SSH – How Remote Command Line Arguments Get Parsed

bashprocessquotingshellssh

I've seen the questions and answers about needing to double-escape the arguments to remote ssh commands. My question is: Exactly where and when does the second parsing get done?

If I run the following:

$ ssh otherhost pstree -a -p

I see the following in the output:

  |-sshd,3736
  |   `-sshd,1102
  |       `-sshd,1109
  |           `-pstree,1112 -a -p

The parent process for the remote command (pstree) is sshd, there doesn't appear to be any shell there that would be parsing the command line arguments to the remote command, so it doesn't seem as if double quoting or escaping would be necessary (but it definitely is). If instead I ssh there first and get a login shell, and then run pstree -a -p I see the following in the output:

  ├─sshd,3736
  │   └─sshd,3733
  │       └─sshd,3735
  │           └─bash,3737
  │               └─pstree,4130 -a -p

So clearly there's a bash shell there that would do command line parsing in that case. But the case where I use a remote command directly, there doesn't seem to be a shell, so why is double quoting necessary?

Best Answer

There is always a remote shell. In the SSH protocol, the client sends the server a string to execute. The SSH command line client takes its command line arguments and concatenates them with a space between the arguments. The server takes that string, runs the user's login shell and passes it that string. (More precisely: the server runs the program that is registered as the user's shell in the user database, passing it two command line arguments: -c and the string sent by the client. The shell is not invoked as a login shell: the server does not set the zeroth argument to a string beginning with -.)

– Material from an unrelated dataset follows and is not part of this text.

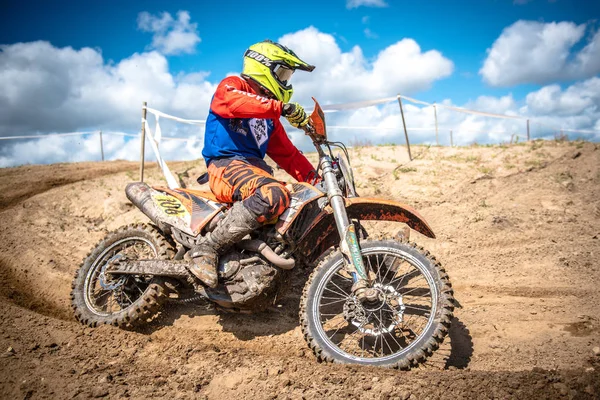 MALECHOWO, POLÓNIA - JULHO 17: piloto indefinido no Campeonato Polonês de Enduro Polônia, Malechowo 17 Julho 2016 — Fotografia de Stock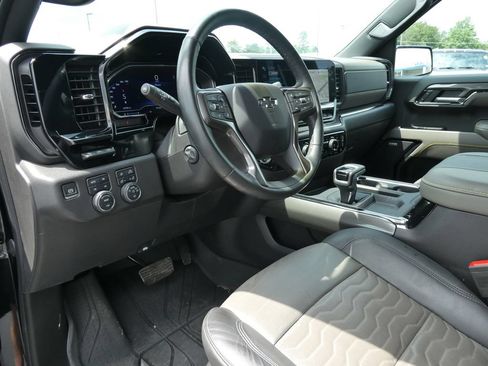Used 2024 Chevrolet Silverado 1500 ZR2 w/ Technology Package AWD/4WD image 24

It is impossible to bypass the remote shell. The protocol doesn't have anything like sending an array of strings that could be parsed as an argv array on the server. And the SSH server will not bypass the remote shell because that could be a security restriction: using a restricted program as the user's shell is a way to provide a restricted account that is only allowed to run certain commands (e.g. an rsync-only account or a git-only account).

You may not see the shell in pstree because it may be already gone. Many shells have an optimization where if they detect that they are about to do “run this external command, wait for it to complete, and exit with the command's status”, then the shell runs “execve of this external command” instead. This is what's happening in your first example. Contrast the following three commands:

ssh otherhost pstree -a -p
ssh otherhost 'pstree -a -p'
ssh otherhost 'pstree -a -p; true'

The first two are identical: the client sends exactly the same data to the server. The third one sends a shell command which defeats the shell's exec optimization.